Mit Ecodesign zu weniger Produkten

Beim nachhaltigen Design, auch Ecodesign genannt, gehe es neben Herkunft und Recyclingfähigkeit der Materialien vor allem um die Langlebigkeit – “also, dass man ein Produkt leicht reparieren kann und es möglichst lange nutzt”, sagt Ingrid Krauß, wissenschaftliche Leiterin des Internationalen Design Zentrums Berlin (IDZ). “Und wenn man ein Produkt konzipiert, sollte man sich immer fragen: Braucht es überhaupt ein Produkt oder ist vielleicht ein Servicekonzept besser?”

Ein Beispiel für solch ein Servicekonzept sind etwa Mehrwegverpackungen für den Versandhandel: Statt in Einwegtaschen können Online-Shops ihre Ware in einer Mehrwegversandtasche losschicken. Die Kunden können diese nach dem Auspacken kostenlos zurücksenden, die Verpackung wird dann gereinigt und bis zu 20 Mal wiederverwendet. 

Eine gelber Umschlag wird auf Briefgröße zusammengefaltet in einen Briefkasten geworfen

Gewannen den Bundespreis Ecodesign 2021: Mehrwegverpackungen für den Onlinehandel

Dabei fallen laut Angaben der Vertreiber im Vergleich zu herkömmlichen Versandverpackungen rund 80 Prozent weniger CO2 und mehr als 96 Prozent weniger Verpackungsmüll an. Wenn viele Onlinehändler solche Konzepte nutzten, würde viel Material und damit Müll gespart. Denn der globalen Versandhandel wächst rasant: So steigerten laut der UN-Konferenz für Handel und Entwicklung (UNCTAD) die 13 größten Online-Handelsplattformen der Welt ihren Umsatz im Jahr 2020 um mehr als 20 Prozent. 

“Nachhaltiges Design fragt immer: Um welches Bedürfnis geht es, und wie können wir das am nachhaltigsten erfüllen?”, fasst Ursula Tischner zusammen. Für die Professorin für Sustainable Design und Autorin des Buches “Was ist Ecodesign?” hat nachhaltiges Design noch einen weiteren Aspekt: Statt kurzfristiger Profite für nur wenige soll es möglichst vielen Menschen einen dauerhaften wirtschaftlichen Nutzen bringen. 

Ist nachhaltiges Design wirklich teurer? 
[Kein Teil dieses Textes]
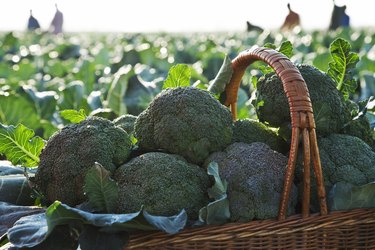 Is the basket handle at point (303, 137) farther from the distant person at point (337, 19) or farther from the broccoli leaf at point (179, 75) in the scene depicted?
the distant person at point (337, 19)

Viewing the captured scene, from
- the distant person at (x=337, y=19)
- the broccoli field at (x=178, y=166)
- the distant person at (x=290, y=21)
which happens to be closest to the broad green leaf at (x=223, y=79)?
the broccoli field at (x=178, y=166)

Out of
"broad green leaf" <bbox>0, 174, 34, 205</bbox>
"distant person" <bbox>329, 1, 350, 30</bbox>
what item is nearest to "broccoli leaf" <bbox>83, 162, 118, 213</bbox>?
"broad green leaf" <bbox>0, 174, 34, 205</bbox>

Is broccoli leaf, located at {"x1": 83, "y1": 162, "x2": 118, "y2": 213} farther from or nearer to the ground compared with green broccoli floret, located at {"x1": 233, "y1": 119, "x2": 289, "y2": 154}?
nearer to the ground

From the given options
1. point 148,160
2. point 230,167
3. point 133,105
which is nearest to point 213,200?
point 230,167

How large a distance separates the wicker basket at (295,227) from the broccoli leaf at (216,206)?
3 centimetres

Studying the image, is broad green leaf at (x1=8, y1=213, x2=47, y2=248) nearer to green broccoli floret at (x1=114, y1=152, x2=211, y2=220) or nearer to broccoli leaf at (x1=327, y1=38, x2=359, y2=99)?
green broccoli floret at (x1=114, y1=152, x2=211, y2=220)

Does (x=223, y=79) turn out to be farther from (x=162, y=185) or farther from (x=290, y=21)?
(x=290, y=21)

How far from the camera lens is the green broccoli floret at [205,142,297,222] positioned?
2.07 m

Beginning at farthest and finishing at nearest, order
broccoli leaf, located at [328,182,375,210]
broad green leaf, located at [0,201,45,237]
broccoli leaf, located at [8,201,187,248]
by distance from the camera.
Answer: broad green leaf, located at [0,201,45,237]
broccoli leaf, located at [328,182,375,210]
broccoli leaf, located at [8,201,187,248]

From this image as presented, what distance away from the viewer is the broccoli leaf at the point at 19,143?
2498 mm

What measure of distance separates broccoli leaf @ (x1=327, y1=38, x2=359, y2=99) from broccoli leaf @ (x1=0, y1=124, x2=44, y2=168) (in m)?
1.32

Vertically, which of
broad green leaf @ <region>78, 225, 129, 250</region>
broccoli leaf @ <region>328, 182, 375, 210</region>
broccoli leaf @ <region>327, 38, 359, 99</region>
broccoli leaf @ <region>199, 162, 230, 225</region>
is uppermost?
broccoli leaf @ <region>327, 38, 359, 99</region>

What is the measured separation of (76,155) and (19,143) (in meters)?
0.39

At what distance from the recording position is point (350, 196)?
214 cm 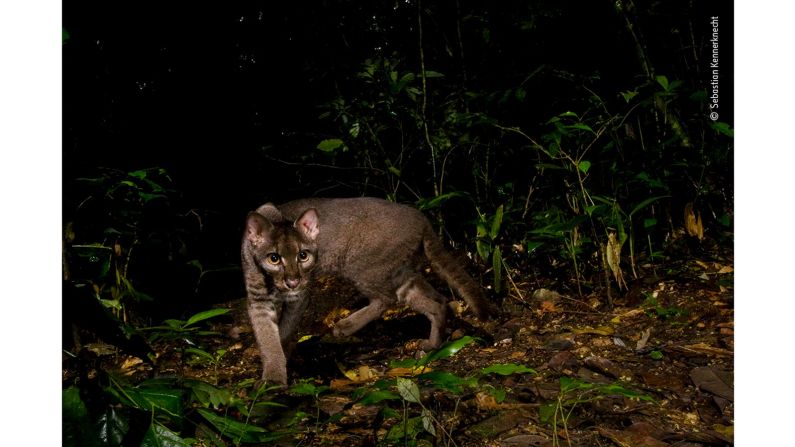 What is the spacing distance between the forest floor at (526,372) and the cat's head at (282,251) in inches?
22.6

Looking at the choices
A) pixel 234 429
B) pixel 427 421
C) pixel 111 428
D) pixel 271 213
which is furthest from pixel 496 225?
pixel 111 428

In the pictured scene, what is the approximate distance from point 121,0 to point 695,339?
195 inches

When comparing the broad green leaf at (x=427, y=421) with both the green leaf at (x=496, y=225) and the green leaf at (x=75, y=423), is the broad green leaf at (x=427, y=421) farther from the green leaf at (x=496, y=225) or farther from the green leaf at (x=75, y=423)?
the green leaf at (x=496, y=225)

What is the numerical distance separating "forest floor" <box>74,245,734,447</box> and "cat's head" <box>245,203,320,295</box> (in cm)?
57

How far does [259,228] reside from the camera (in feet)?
13.8

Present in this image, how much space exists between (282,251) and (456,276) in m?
1.31

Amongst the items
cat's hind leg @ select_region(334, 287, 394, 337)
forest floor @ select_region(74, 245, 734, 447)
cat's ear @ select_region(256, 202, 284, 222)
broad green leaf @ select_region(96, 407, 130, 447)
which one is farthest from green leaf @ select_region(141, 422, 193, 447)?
cat's hind leg @ select_region(334, 287, 394, 337)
“In der Praxis muss man aber auch Hersteller finden, die diese Ziele mittragen”, gibt Jochen Eisenbrand vom Vitra Design Museum zu bedenken. Denn für Mensch und Natur seien nachhaltige Lösungen zwar besser, für Unternehmen aber zunächst oft teurer. “Wenn beispielsweise ganz neue Verfahren zur Gewinnung und Verarbeitung von umweltfreundlichen Materialien entwickelt werden müssen, dann kostet das erstmal.”

Man müsse aber bedenken, dass bei nicht nachhaltigen Produkte viele Kosten bisher gar nicht von den Unternehmen selbst, sondern von der Allgemeinheit gezahlt würden, so Eisenbrand, “etwa wenn Produkte am Ende auf dem Müll entsorgt oder aus Flüssen und Meeren rausgefischt werden müssen.”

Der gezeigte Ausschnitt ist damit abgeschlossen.